Lê-se na página 2 do Público de hoje:

Uma das medidas previstas é a reorganização e racionalização dos currículos. Quais são os princípios que vão presidir a essa reorganização?
A lógica geral é independente desta lógica monetária. Defendo, independentemente de todos estes cortes, que é necessário reduzir o número de disciplinas no ensino básico, que é necessário concentrar nas disciplinas essenciais, que é necessário eliminar a dispersão na oferta curricular, que é necessário reforçar o Português e a Matemática, que é necessário dar mais atenção à História, à Geografia, às Ciências, ao Inglês. O princípio da reorganização é este: como é que vamos conseguir que os jovens saibam mais nestas questões centrais?

O que infere qualquer pessoa medianamente racional desta resposta acerca das disciplinas nomeadas?

Que precisam de mais atenção e que os jovens devem saber mais nestas questões centrais.

A reacção em muita gente foi, não é exagerado admiti-lo, de alívio nestas áreas disciplinares, a começar pela História e Geografia, ameaçadas de casamento forçado à laia dos arranjos de outrora.

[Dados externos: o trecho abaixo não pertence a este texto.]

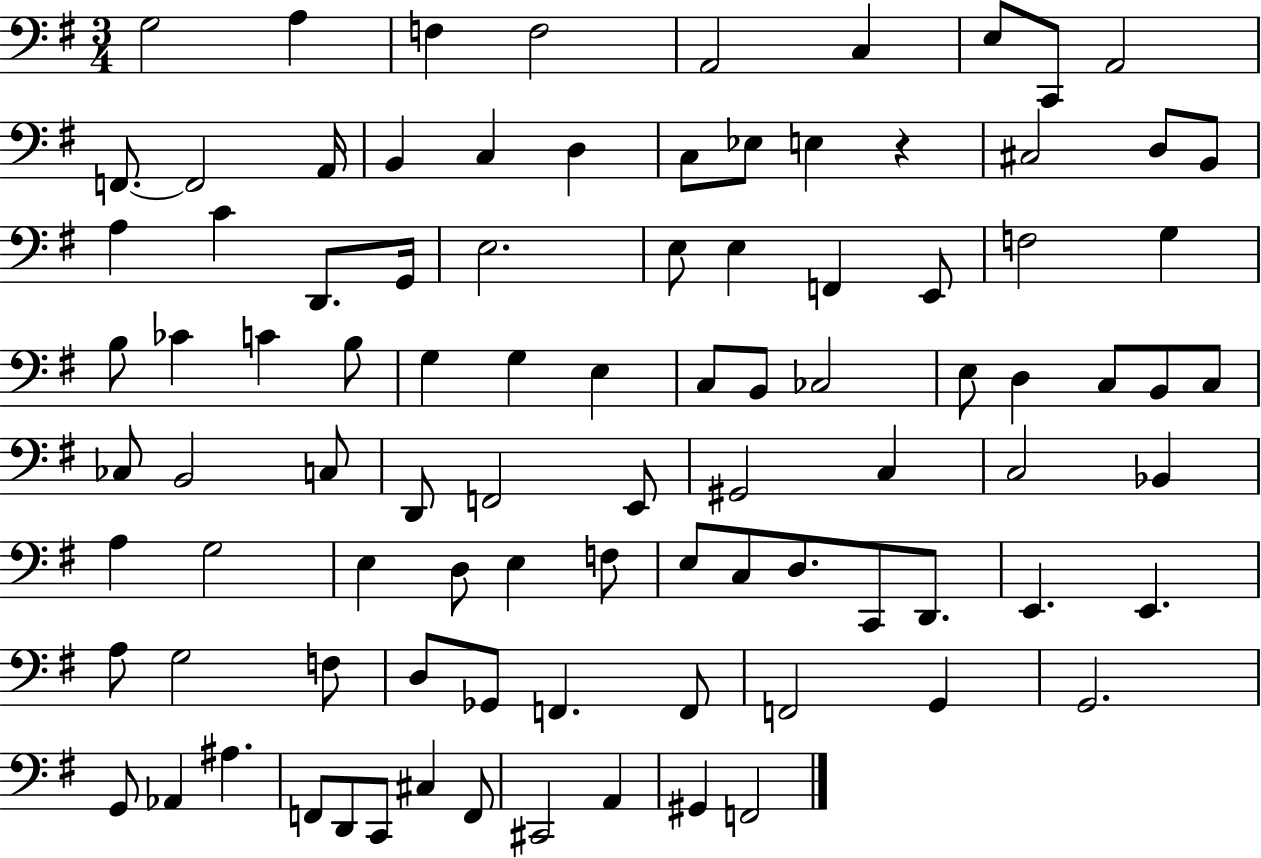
X:1
T:Untitled
M:3/4
L:1/4
K:G
G,2 A, F, F,2 A,,2 C, E,/2 C,,/2 A,,2 F,,/2 F,,2 A,,/4 B,, C, D, C,/2 _E,/2 E, z ^C,2 D,/2 B,,/2 A, C D,,/2 G,,/4 E,2 E,/2 E, F,, E,,/2 F,2 G, B,/2 _C C B,/2 G, G, E, C,/2 B,,/2 _C,2 E,/2 D, C,/2 B,,/2 C,/2 _C,/2 B,,2 C,/2 D,,/2 F,,2 E,,/2 ^G,,2 C, C,2 _B,, A, G,2 E, D,/2 E, F,/2 E,/2 C,/2 D,/2 C,,/2 D,,/2 E,, E,, A,/2 G,2 F,/2 D,/2 _G,,/2 F,, F,,/2 F,,2 G,, G,,2 G,,/2 _A,, ^A, F,,/2 D,,/2 C,,/2 ^C, F,,/2 ^C,,2 A,, ^G,, F,,2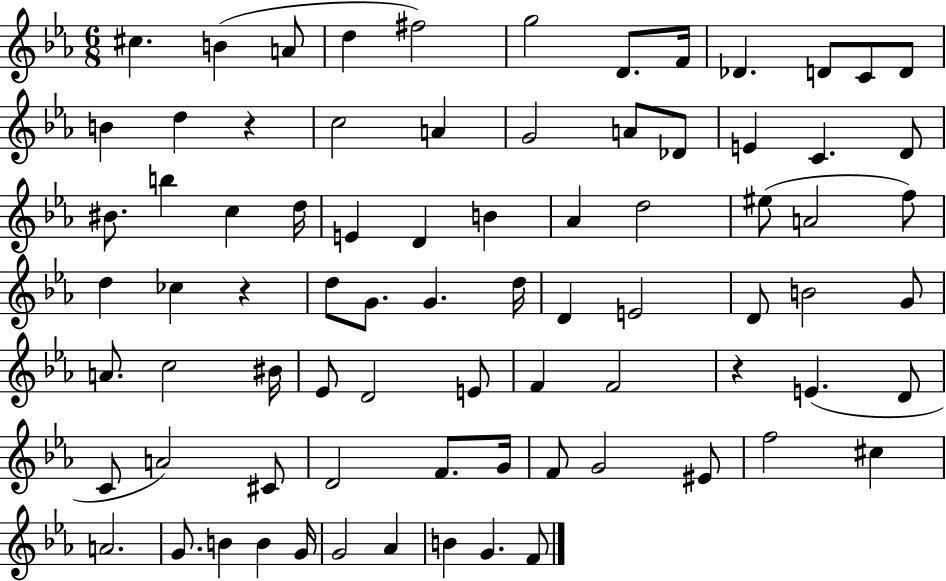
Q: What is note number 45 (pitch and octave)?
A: G4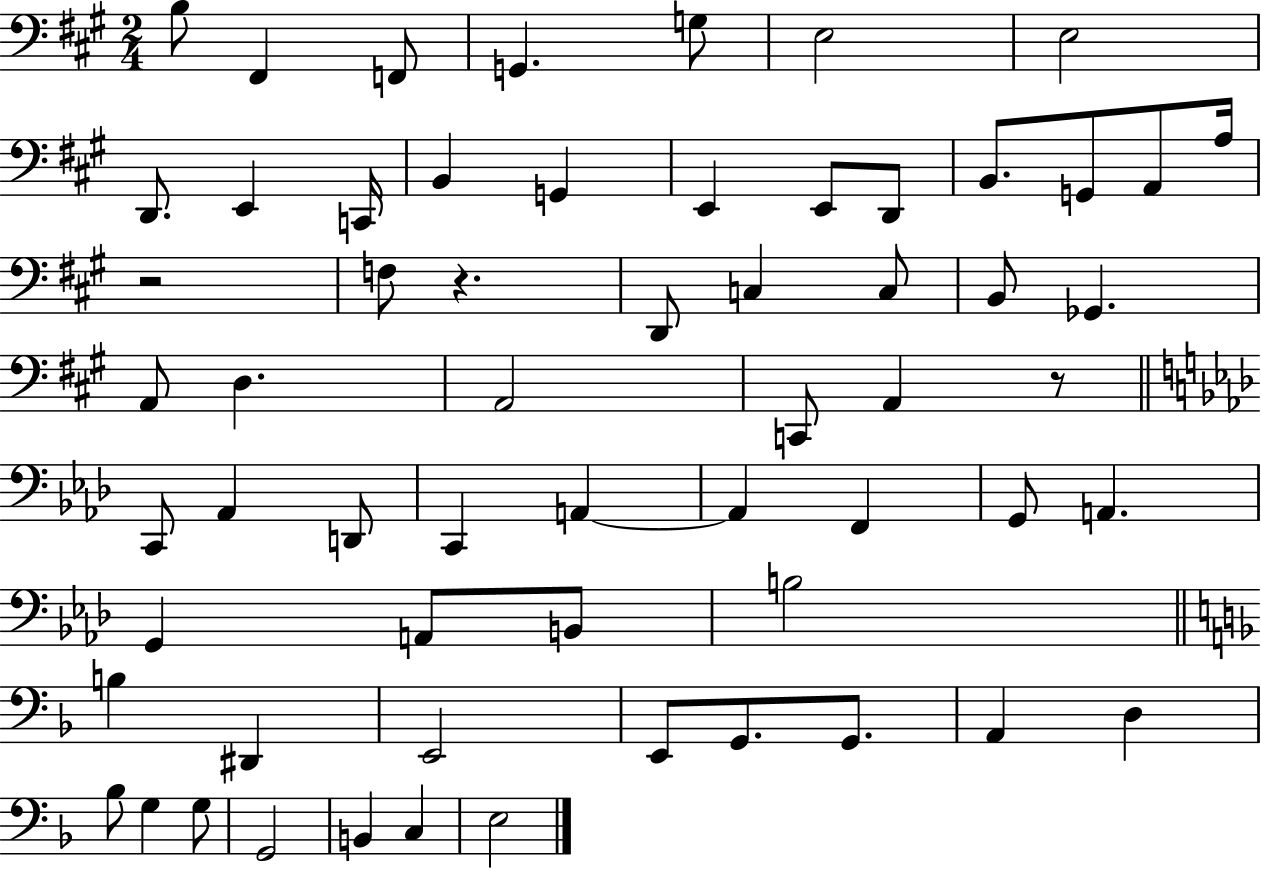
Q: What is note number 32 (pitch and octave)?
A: Ab2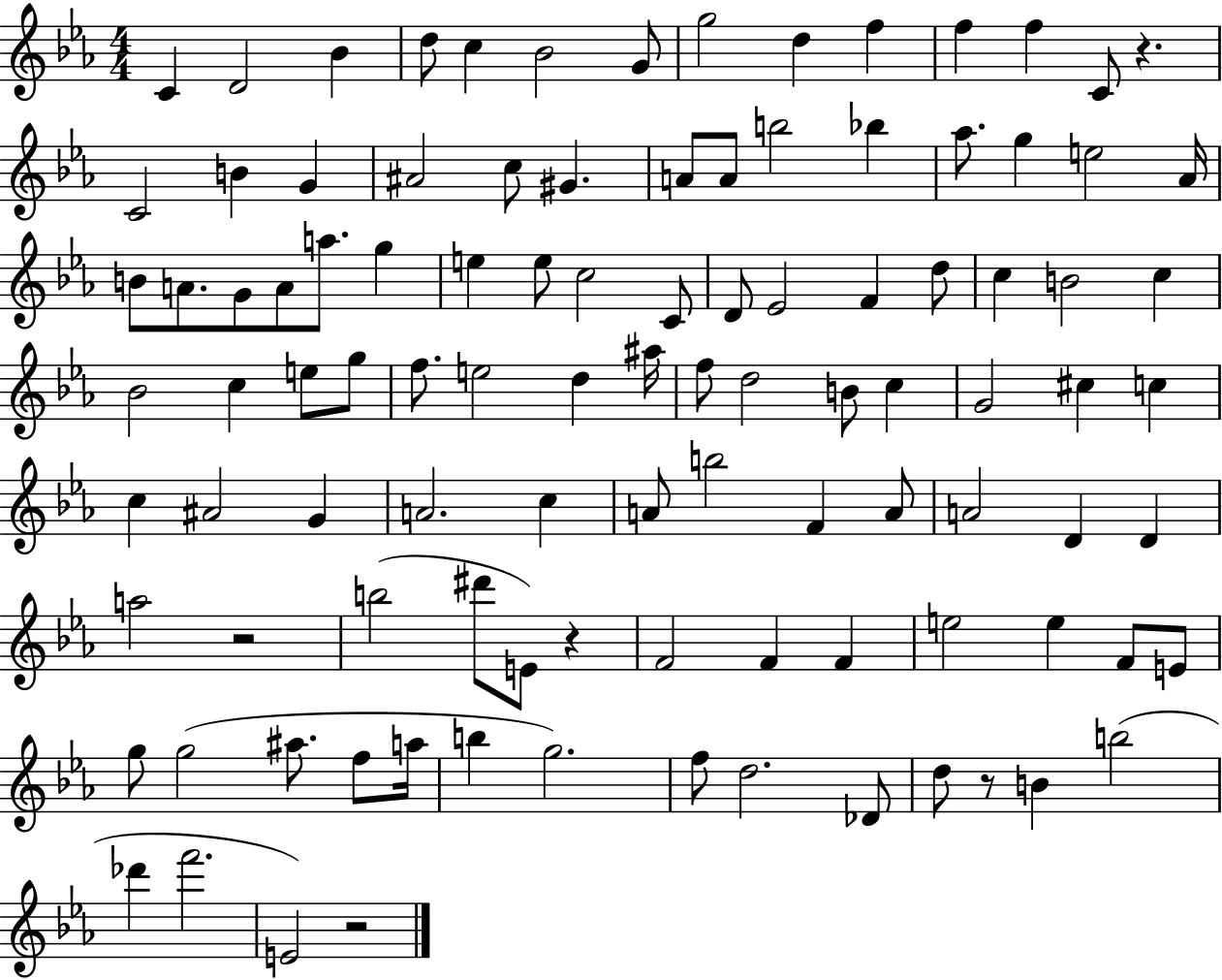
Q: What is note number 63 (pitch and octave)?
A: A4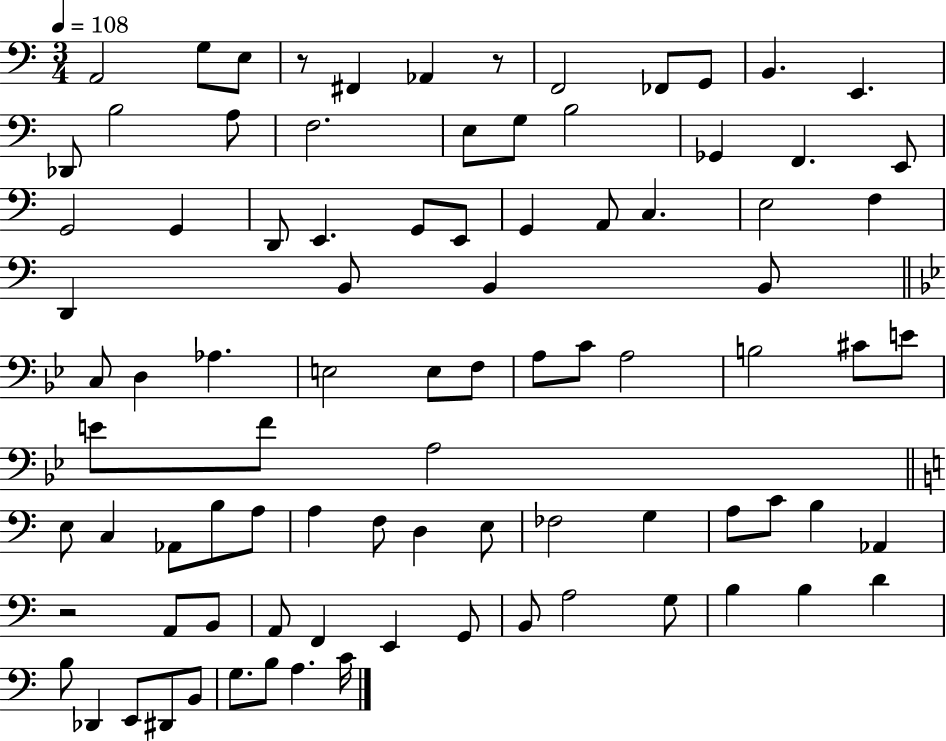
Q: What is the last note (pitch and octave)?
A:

Mas então como se coaduna isso com o que foi dito numa reunião aparentemente (escrevo assim só porque…) realizada hoje de manhã no MEC em que foi apresentada novamente a hipótese de fusão das duas disciplinas sem quase contestação alguma por parte dos presentes?

Mas, afinal, o que se diz numa entrevista ao finalizar de uma semana é branco, mas na 2ª feira já é preto? Ou será que o branco foi para o público consumir e o preto para auscultar das resistências que alguns (incluindo um profblogger que por lá acenou que sim a tudo) consideram corporativas?

Ou, pura e simplesmente, não se tem uma linha de rumo e se está refém da herança dos cursos bolonheses valterianos de formação de professores generalistas e híbridos?

Ou será que o navegar ao sabor do vento resulta da influência próxima de quem tem essa forma de estar como regra?

Será que Nuno Crato, como MLR, não se importa de perder os professores para (de forma transitória) ganhar o apoio de alguma opinião publicada?